TASK REQUIREMENTS
Return the full listing character for character, without its pictures.

MATERIAL PROVIDED
____________

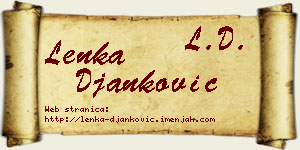 Lenka Đanković vizit kartica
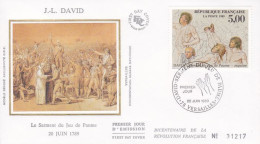 2591 2  Premier Jour David Serment Du Jeu De Paume  Paris 75   20 Juin 1989 - 1980-1989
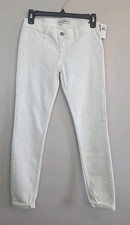 Abercrombie NW Girls White Jeans Size 16 Slim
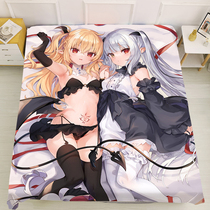Customized jade milk bed sheets loli little succubus student dormitory bunk sheets two-dimensional mattress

____________

EXPECTED OUTPUT
 Lenka Đanković vizit kartica
 2591 2  Premier Jour David Serment Du Jeu De Paume  Paris 75   20 Juin 1989 - 1980-1989
 Abercrombie NW Girls White Jeans Size 16 Slim
Customized jade milk bed sheets loli little succubus student dormitory bunk sheets two-dimensional mattress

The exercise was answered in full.